U.S. Diplomat in Bolivia Walks Out on Morales Speech (Update1)
January 22, 2009 - Bloomberg.com

By Jonathan J. Levin

Jan. 22 (Bloomberg) -- The senior American diplomat in Bolivia walked out of a speech by President Evo Morales today after the Bolivian leader accused the U.S. Embassy in La Paz of trying to undermine his government.

“There was an external conspiracy headed by the United States ambassador,” Morales said before a group of congressmen and diplomats at the Bolivian Congress building in La Paz. “The United States has fomented the regional disintegration of the country, holding secret meetings to promote disturbances against the national government.”

The comments were broadcast on La Paz-based television station Universal de Television, known as Unitel.

Immediately after leaving the building, U.S. Charge d’Affaires Krishna Urs told the network that the remarks were “unfounded and false.”

The Bolivian president declared U.S. Ambassador Philip Goldberg “persona non grata” in September, leaving Urs as the top diplomat to the Andean nation. Morales expelled the U.S. Drug Enforcement Administration on Nov. 2, saying the agency had spied on his government. The U.S. Embassy called the accusations “false and absurd.”

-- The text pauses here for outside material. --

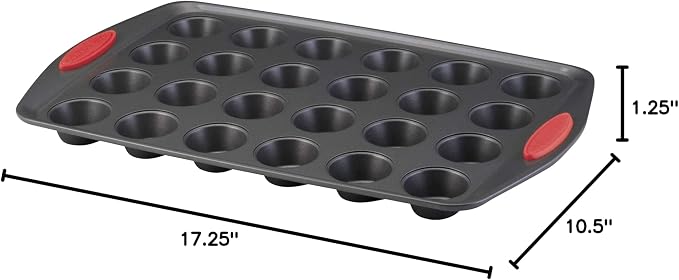 Rachael Ray 47960 24-Cup Oven Lovin’ Mini Steel Muffin Pan, Gray with Red Grips
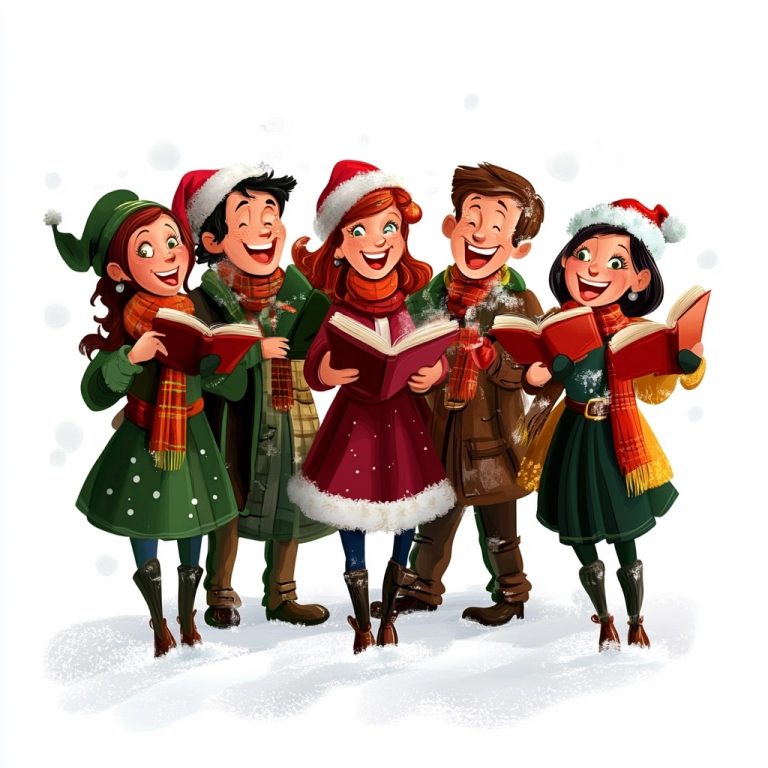 Cartoon Carolers Clipart Scene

Foreign Minister David Choquehuanca said Jan. 20 that the Bolivian government hoped for a “new beginning” with the U.S. after President Barack Obama took office, according to an e- mailed statement.

‘Two-Way Street’

“Respect is a two-way street,” Urs said. “If Morales needs or wants respect, then it’s also necessary that he give respect to the United States government.”

Speaking Nov. 17 at the United Nations in New York, Morales said he wouldn’t reconsider the expulsion of the DEA as a way to improve relations with the new U.S. leader.

Morales has a 56 percent approval rating in Bolivia, according to a January poll by La Paz-based pollsters Ipsos Apoyo. His popularity is fueled by a new nationalism that demonizes the U.S., an easy target in light of the hostility of Bolivia’s coca growers to the U.S. war on drugs. Coca, better known abroad as the main ingredient in cocaine, is often chewed by people in the Bolivian highlands to stave off hunger and cure altitude sickness.

“U.S. coca eradication policies in the Andes were instrumental in Morales coming to power,” Nicholas Robins, a Bolivian history scholar at North Carolina State University in Raleigh, said in telephone interview. “I found it surprising that it took him almost three years to throw out the DEA; clearly it’s a way of mobilizing the base.”

When contacted by Bloomberg News, the U.S. Embassy said it had no further comments on Morales’s remarks or Urs’s decision to walk out.